Telcos face an invisible crisis that threatens to disrupt their operations. According to recent research by APQC, nearly half the telco workforce (49.2%) is projected to retire or leave within the next five years. Largely driven by the exit of baby boomers from the workforce, this phenomenon is often called “The Great Retirement” or “The Silver Tsunami.” This megatrend is not just a staffing challenge. It is an existential threat to institutional knowledge that keeps networks running, customers connected, and innovation flowing.

The Exodus

When we discuss telco’s Great Retirement, we’re not talking about interns leaving at the end of their summer projects. We are talking about network architects who understand the intricacies of legacy infrastructure that still underpins many of the modern systems. Engineers who have navigated multiple technological transitions from copper to fiber to 5G. Customer service and business development veterans who have built relationships spanning decades and know how to solve problems or strike deals that aren’t in any manual. Often not captured, this expertise lives in the minds of people who are walking out the door every day.

Awareness-Action Dichotomy

While 91 percent of telco C-suite leaders view this knowledge bleed as either a “mission-critical”, “strong”, or “moderate” concern, the industry’s response has been woefully inadequate. Problem recognition without action is meaningless. Despite high-level concern, most do not consistently capture knowledge from departing employees with a stunning 90% doing it rarely or half the time, at best.

Why the disconnect? The barriers are frustratingly predictable. Lack of time tops the list, followed by organizational priorities, and lack of resources. In an industry obsessed with network uptime, ARPU, subscriber churn, and competitive positioning, knowledge retention gets relegated to tomorrow’s to-do list—which never comes.

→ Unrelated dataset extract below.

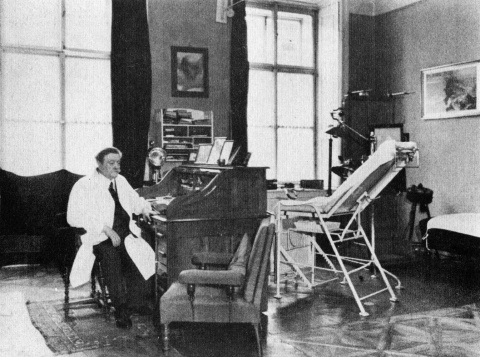 Bloch: český Žid, který
se spřátelil s Hitlerem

“Rotary dialing” in the smartphone era

While it might give a workout for your arms and hands, rotary dialing might also cause digital (i.e., fingers) damage, no pun intended. Surprisingly, that is what telcos are doing to capture knowledge from departing employees. The most common approach—used by a whopping 86% of respondents—is manual people-to-people transfer. This means hoping that Sarah in network operations remembers to tell her successor everything important before rushing out to board her cruise ship. Other popular methods include flogging employees to manually document knowledge and rushed last-minute interviews. A meager 10% leverage AI automation to capture expertise from internal and external conversation stores in the enterprise.

Barriers to AI

While telcos express keen interest in using AI for knowledge capture and beyond, reality tells a different story. Shockingly, 90% of telcos have yet to operationalize AI in a meaningful way to enable knowledge management, which matches data from a recent MIT survey which found that only 5% of companies who have implemented AI are seeing business value from it. What is holding them back? The top barrier is the worry that AI-generated answers may not be correct. While it is a legitimate concern, it can be addressed by backing AI with trusted knowledge.

Leaders Dial Up AI

AI-savvy leaders know that the critical requirement for AI success is a trusted knowledge infrastructure. Our clients are racing ahead with knowledge-backed AI for CX and operational transformation:

  • US telecom giant seeking to maintain market leadership through superior customer service saw an increase in their customer value metrics combined with increased FCR and a reduction in call handle time (saving them ~$2M right off the bat post deployment). Their consolidated knowledge base provided consistent answers to questions in multiple languages, reduced the need to train agents, improved morale and productivity, and empowered agents to answer increasingly complex questions.
  • Mobile giant achieved a 25-point improvement in NPS (Net Promoter Score) and a 35% improvement in FCR (First-Contact Resolution), while reducing agent time to competency by 50% across 30000 contact center agents and 600 retail stores and enabling any agent to handle any call. In fact, they received the KMWorld Reality Award in recognition of the transformational business value they were creating from AI Knowledge.
  • European telco reduced unwarranted handset returns (“No Fault Found”) by 38% through better knowledge-backed agent assistance at their contact center.

Call to Action

The question facing telco leaders is simple: Will you act when you still have expertise to capture, or will you wait until it is too late? The clock is ticking, and the Great Retirement waits for no one.